Patterns Everyone Knows: Useful Terminology

I guarantee, you already know these patterns.  However, the patterns terminology is useful, if only to communicate the concepts quickly.

Builder

An object used to build another object.  The most obvious implementation of this pattern in the framework is StringBuilder.  It can be quite useful to have a builder in cases where what you’re constructing is complex and you don’t need to read from the constructed object as you’re going.  (If you do, just using the object’s own method is often simpler.)  The Builder pattern is used in fluent interfaces to support method chaining.  In this case, the builder constructs the object internally, but returns itself.

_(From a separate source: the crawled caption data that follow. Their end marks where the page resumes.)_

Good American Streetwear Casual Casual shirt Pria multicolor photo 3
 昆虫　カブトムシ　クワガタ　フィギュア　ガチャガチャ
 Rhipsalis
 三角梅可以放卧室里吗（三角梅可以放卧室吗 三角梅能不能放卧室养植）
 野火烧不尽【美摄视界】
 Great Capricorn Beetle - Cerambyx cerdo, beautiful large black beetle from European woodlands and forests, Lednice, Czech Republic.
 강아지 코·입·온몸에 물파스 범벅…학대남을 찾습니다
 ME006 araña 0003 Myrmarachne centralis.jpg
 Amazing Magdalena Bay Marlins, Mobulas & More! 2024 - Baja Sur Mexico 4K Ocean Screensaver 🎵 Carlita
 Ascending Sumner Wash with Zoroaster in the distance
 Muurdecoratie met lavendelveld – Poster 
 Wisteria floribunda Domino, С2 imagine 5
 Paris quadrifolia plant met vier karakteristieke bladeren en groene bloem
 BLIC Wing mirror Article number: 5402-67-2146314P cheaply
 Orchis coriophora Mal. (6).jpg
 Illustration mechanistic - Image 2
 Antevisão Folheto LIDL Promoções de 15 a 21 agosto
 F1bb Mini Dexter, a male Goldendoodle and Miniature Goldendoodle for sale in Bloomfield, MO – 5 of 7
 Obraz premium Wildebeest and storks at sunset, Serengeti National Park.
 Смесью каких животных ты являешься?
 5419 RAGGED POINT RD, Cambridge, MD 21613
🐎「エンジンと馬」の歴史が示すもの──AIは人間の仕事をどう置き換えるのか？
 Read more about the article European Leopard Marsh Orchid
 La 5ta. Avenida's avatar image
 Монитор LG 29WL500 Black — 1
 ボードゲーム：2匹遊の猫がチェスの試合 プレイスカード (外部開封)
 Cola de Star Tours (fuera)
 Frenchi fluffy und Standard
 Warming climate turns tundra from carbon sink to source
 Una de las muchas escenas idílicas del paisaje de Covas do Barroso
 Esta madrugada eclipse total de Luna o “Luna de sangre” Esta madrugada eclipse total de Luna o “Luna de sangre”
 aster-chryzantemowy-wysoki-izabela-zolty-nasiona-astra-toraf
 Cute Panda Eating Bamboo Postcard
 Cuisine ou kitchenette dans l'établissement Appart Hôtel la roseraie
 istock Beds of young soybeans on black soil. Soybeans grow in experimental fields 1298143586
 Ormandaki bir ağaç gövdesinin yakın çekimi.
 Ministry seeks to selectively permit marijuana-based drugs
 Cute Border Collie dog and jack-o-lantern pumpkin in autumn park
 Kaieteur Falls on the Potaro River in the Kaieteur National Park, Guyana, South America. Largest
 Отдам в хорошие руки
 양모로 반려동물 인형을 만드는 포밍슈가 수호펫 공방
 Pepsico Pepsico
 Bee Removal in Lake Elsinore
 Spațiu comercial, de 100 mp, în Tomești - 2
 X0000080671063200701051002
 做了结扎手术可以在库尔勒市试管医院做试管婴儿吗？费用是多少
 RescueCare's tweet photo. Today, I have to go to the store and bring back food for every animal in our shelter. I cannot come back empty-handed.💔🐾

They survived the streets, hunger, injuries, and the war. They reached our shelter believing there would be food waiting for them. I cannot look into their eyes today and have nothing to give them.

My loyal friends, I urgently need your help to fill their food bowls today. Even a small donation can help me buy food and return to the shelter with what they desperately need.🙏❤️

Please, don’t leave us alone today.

Arguably, this pattern should be marked “Caution: Hazardous Material”.  Although everyone is familiar with it, every so often someone gets it into their head that every object should have a builder.  The code rapidly becomes a mass of useless indirection.

Adapter

You want to expose one interface from an object, but it exposes a different interface.  You write an adapter object to translate calls from one to the other.  Differs from the proxy pattern only in as much as the proxy pattern mandates that the exposed and the internal interface should be the same, but it’s definitely a proxy in the looser sense that we commonly use.

Adapters usually occur at sub-system or system boundaries.  Third-party libraries should typically be wrapped

Facade

Now, this pattern is so general it’s going to cover a lot of code you’ve written over time, but the terminology is actually useful, simply because we do actually need a word for it.  Say you’ve got an extremely complex trading system.  However, all that your code needs is a list of accounts and the cash in each.  A Facade is an interface that just exposes the bit you need. 

Summary

Facade, Builder and Adapter are amongst the most common patterns in software development.  Most developers will have independently come up with these solutions, since they’re pretty obvious.  The terminology can, however, be useful to communicate between developers.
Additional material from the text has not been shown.